Die größte Stärke des iPhone dürfte seine supergeniale und vor allem intuitive Bedienbarkeit sein: Ich tippe ein Symbol an, es passiert irgendwas. Ich “schiebe” eine Liste, sie bewegt sich. Heute gab es bei stern.de und Spiegel Online gleich zwei Artikel zu dem Thema Usability, beide mit dem Tenor, dass die heutige Technik einfach viel zu umständlich zu bedienen ist.

Das aufgeführte Beispiel mit der Mikrowelle passt perfekt: Zwei popelige Drehknöpfe reichen völlig aus, man braucht kein völlig überfrachtetes Tastenfeld mit Display und pipapo. In der Realität wollen die Hersteller aber lieber möglichst viele Funktionen irgendwo reinstopfen, egal, ob diese tatsächlich genutzt werden oder nicht: Ein Gerät mit 50 Funktionen verkauft sich halt besser als eins mit nur 5 davon. Gerade weniger technikaffine Menschen kommen da ins Schleudern – und jetzt wechseln wir mal von so etwas einfachem wie einer Mikrowelle zu einem etwas komplexeren Computerprogramm, wo dem armen Benutzer auch noch seltsame Fachbegriffe um die Ohren gehauen werden.
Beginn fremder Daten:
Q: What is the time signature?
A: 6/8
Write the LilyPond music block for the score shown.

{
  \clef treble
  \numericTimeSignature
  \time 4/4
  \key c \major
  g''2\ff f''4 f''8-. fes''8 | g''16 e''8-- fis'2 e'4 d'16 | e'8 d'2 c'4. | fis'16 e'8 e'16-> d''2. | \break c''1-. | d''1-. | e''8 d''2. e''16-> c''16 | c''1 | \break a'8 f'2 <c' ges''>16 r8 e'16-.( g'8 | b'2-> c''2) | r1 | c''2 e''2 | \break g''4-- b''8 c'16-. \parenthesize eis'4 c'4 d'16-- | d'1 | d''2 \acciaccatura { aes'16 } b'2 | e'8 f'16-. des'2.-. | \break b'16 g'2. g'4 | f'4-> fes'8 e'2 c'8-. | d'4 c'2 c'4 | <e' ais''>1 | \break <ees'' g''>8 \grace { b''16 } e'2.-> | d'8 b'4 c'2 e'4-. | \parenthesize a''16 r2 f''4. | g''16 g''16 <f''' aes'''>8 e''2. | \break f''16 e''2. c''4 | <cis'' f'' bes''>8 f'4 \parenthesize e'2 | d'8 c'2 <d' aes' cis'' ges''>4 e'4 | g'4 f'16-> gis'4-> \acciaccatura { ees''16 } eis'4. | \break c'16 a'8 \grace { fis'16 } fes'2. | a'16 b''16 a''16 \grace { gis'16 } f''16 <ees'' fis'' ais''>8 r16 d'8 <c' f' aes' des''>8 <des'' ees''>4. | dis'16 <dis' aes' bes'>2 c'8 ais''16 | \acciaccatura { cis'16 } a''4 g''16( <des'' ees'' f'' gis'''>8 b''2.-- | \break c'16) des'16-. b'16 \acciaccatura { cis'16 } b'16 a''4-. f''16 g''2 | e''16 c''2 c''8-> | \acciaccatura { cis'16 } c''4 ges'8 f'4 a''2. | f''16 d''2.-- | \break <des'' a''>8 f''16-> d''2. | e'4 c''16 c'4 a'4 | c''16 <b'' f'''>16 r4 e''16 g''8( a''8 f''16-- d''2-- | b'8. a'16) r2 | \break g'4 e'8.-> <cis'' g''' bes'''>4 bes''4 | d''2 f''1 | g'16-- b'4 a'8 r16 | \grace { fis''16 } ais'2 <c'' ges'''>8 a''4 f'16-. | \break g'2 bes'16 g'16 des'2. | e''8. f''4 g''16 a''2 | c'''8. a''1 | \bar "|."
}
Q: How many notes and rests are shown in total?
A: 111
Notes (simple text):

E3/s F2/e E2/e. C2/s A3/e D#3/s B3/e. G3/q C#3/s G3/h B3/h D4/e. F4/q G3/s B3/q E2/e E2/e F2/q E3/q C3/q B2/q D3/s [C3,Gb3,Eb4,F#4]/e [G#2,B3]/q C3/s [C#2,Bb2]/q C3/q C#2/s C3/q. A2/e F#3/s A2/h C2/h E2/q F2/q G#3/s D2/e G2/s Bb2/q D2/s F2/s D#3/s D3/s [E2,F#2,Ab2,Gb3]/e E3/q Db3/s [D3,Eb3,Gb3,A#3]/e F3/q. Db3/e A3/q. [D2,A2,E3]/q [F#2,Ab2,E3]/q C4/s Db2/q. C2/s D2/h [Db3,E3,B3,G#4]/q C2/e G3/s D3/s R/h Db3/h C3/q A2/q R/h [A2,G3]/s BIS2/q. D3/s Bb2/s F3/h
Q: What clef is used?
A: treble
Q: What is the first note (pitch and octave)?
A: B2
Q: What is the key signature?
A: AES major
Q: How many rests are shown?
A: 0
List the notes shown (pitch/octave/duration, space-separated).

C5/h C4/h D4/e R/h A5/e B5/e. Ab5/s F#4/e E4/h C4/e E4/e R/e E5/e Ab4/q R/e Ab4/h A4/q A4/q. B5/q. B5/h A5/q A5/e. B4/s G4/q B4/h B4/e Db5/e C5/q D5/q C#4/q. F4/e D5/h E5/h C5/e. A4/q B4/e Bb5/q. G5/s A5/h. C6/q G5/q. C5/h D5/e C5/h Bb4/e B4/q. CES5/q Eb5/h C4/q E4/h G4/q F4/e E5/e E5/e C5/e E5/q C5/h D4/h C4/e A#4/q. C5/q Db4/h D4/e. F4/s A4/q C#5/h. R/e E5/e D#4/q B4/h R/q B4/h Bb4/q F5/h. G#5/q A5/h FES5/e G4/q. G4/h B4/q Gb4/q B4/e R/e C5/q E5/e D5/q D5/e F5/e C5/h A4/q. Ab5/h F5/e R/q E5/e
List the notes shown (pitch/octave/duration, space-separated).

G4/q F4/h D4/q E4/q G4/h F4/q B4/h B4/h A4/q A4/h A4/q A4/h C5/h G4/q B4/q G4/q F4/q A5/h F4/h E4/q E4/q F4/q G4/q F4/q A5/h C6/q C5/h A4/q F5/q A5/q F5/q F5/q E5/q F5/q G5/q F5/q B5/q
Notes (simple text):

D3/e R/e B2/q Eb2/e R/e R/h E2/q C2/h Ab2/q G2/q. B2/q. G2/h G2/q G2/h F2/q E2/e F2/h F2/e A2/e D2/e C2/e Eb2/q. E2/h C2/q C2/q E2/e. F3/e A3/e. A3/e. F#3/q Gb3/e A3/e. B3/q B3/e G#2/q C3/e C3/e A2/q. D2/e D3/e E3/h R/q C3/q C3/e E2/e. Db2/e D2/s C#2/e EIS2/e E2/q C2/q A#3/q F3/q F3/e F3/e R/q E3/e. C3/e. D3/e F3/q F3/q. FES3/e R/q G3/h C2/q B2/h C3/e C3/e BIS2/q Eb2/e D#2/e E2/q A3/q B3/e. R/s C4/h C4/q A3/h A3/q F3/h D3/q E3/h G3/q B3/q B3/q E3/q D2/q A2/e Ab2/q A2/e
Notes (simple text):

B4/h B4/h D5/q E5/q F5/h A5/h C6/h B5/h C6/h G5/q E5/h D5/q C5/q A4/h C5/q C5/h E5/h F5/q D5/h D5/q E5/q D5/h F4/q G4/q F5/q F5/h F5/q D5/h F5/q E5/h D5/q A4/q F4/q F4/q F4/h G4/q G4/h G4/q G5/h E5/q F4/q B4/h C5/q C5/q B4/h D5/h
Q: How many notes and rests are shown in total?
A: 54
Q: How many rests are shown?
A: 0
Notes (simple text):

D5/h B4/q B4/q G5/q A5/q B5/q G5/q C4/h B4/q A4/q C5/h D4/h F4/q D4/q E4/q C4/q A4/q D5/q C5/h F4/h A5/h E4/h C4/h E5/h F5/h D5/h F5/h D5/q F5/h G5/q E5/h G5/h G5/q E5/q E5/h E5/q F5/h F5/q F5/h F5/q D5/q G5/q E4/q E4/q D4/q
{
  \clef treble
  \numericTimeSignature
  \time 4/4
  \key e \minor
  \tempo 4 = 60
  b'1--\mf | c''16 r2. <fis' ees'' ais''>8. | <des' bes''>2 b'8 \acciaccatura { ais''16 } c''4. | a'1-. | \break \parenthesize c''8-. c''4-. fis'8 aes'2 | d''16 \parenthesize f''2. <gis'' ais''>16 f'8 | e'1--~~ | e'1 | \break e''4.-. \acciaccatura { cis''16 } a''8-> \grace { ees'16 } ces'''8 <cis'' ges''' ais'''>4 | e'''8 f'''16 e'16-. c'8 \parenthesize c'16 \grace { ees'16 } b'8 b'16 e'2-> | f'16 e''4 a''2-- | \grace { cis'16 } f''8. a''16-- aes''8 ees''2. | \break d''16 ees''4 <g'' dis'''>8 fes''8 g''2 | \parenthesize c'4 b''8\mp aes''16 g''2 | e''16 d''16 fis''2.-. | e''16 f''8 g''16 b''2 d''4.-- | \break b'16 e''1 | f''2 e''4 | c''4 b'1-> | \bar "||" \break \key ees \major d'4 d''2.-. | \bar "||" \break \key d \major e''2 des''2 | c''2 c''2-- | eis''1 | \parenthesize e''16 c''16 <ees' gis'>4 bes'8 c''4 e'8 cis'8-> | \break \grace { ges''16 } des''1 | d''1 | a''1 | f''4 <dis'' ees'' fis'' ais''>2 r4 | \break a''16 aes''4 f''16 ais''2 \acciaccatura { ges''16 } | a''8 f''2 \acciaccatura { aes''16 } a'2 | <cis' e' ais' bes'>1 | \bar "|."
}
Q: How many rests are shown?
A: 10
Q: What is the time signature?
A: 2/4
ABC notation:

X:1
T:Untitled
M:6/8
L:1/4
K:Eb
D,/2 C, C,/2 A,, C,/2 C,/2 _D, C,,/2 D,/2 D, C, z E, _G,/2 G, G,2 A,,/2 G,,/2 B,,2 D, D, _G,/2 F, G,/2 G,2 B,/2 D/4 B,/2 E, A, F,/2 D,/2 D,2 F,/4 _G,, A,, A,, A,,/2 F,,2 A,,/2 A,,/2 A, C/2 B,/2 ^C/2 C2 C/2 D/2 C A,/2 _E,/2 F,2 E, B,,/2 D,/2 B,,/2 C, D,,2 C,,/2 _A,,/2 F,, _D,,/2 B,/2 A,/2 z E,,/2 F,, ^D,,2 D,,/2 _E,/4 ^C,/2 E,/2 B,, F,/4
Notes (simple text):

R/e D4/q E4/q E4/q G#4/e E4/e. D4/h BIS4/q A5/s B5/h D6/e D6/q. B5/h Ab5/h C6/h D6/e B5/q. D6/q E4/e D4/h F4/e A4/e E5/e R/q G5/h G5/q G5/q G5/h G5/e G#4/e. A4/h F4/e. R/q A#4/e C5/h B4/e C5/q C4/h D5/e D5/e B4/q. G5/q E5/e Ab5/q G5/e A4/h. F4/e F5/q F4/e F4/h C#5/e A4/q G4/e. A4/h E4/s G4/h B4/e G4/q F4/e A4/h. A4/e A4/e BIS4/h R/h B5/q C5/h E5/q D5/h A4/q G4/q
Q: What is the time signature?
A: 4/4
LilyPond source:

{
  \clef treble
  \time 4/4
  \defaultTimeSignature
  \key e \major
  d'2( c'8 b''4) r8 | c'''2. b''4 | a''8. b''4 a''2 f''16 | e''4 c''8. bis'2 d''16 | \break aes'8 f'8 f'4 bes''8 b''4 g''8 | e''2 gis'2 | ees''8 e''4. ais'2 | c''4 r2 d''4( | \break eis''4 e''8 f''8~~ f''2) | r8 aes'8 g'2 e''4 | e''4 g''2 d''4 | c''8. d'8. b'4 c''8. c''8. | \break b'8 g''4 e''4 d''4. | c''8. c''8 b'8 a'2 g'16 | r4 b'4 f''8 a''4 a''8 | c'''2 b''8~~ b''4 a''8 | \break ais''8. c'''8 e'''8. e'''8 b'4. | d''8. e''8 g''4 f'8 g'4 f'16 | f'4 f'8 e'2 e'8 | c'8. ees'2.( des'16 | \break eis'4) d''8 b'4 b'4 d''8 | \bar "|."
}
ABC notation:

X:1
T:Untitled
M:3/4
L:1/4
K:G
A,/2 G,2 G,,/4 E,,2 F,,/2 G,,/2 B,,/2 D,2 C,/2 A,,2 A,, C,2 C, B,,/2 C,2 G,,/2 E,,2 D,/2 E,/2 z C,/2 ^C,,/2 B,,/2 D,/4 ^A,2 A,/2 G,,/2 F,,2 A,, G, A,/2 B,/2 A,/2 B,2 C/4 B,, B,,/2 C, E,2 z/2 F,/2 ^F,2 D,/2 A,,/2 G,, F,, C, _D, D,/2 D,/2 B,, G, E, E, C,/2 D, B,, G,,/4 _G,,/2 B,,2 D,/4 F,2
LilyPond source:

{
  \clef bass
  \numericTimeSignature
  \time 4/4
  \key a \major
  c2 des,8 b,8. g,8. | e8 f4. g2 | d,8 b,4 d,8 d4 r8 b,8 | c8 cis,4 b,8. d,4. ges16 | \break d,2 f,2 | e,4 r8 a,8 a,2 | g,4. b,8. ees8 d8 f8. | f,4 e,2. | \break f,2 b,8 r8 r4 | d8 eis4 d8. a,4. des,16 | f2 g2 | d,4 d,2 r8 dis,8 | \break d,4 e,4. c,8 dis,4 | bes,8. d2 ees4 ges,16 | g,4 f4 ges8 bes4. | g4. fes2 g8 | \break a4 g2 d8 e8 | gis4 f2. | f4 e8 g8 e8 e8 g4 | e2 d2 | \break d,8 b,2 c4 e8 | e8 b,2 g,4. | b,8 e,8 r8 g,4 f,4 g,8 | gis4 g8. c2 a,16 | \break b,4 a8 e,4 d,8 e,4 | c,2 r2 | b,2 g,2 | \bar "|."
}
Ich denke, Usability (LEO spuckt mir dafür übrigens das schöne Wort “Gebrauchstauglichkeit” aus) sollte bei den Herstellern viel größer geschrieben werden und ist ein oft unterschätztes Verkaufsargument. Was nützt mir der Berg an unnützen Funktionen, wenn ich an der Bedienung scheitere?